I'm using Python 3.5, and want use the multiprocessing module to run a function to parse some files with each file going to a different CPU Core; I'm sending a lot of parameters to the function so I'm using kwargs.
The following code works using concurrent futures (threaded), but I want to convert it to the multiprocessing equivalent (concurrent futures - ProcessPoolExecutor is too heavyweight for me, and gives me some pickling errors anyway).
from concurrent import futures
with futures.ThreadPoolExecutor(max_workers=4) as executor:
# A dictionary which will contain a list the future info in the key, and the filename in the value
jobs = {}
# Loop through the files, and run the parse function for each file, sending the file-name to it, along with the kwargs of parser_variables.
# The results of the functions can come back in any order.
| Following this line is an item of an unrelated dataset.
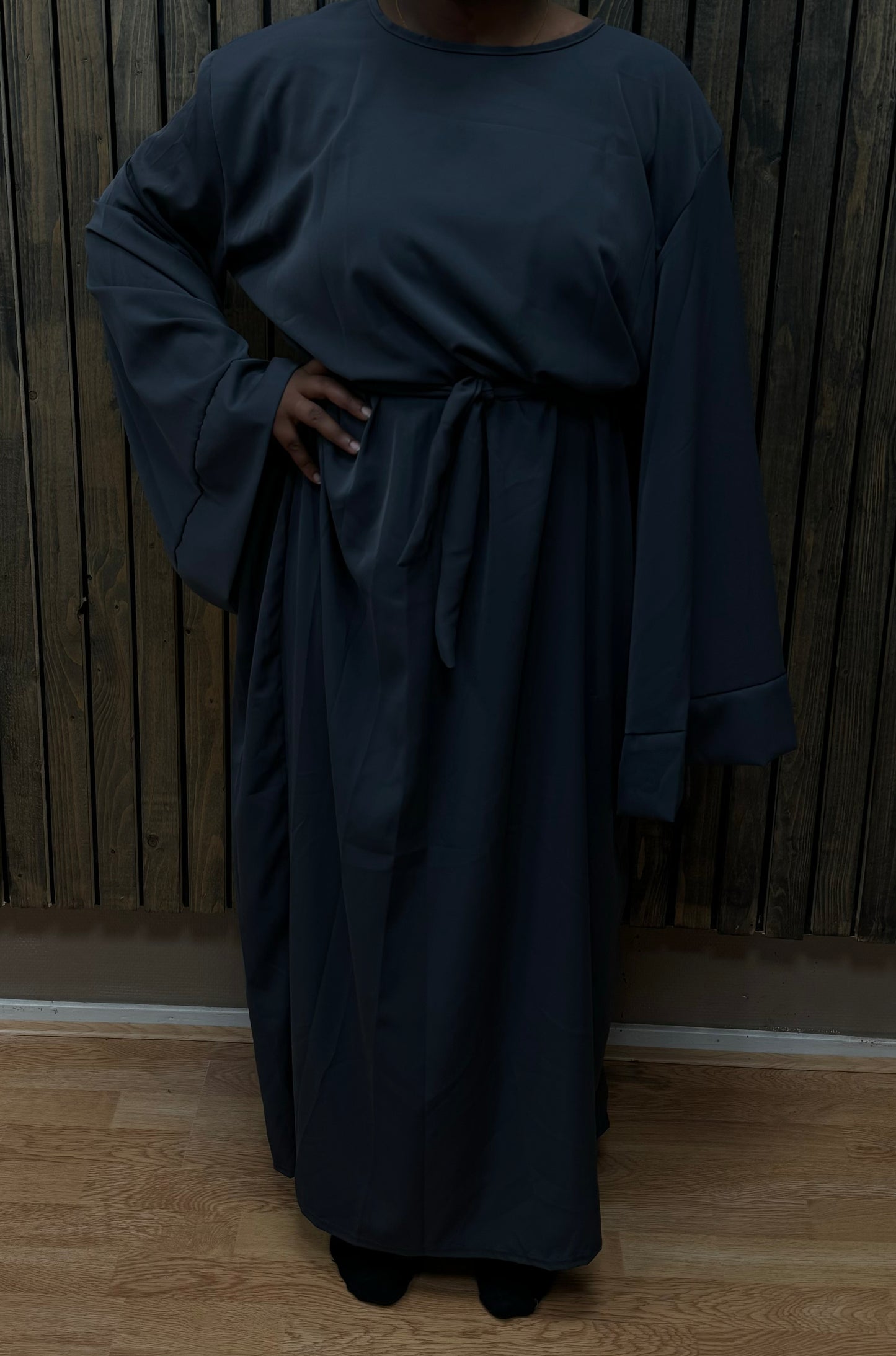 Abaya with belt and kimono sleeves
for this_file in files_list:
job = executor.submit(parse_log_file.parse, this_file, **parser_variables)
jobs[job] = this_file
# Get the completed jobs whenever they are done
for job in futures.as_completed(jobs):
debug.checkpointer("Multi-threaded Parsing File finishing")
# Send the result of the file the job is based on (jobs[job]) and the job (job.result)
result_content = job.result()
this_file = jobs[job]
It doesn't matter what order the results come back in.
When I tried with pool.apply
, pool.apply_async
, and pool.map
(despite reading this question, I'm not much clearer on the differences) I got kwarg related errors:
TypeError: apply() got an unexpected keyword argument 'variable_list'
How do I convert the above to its multiprocessing equivilent?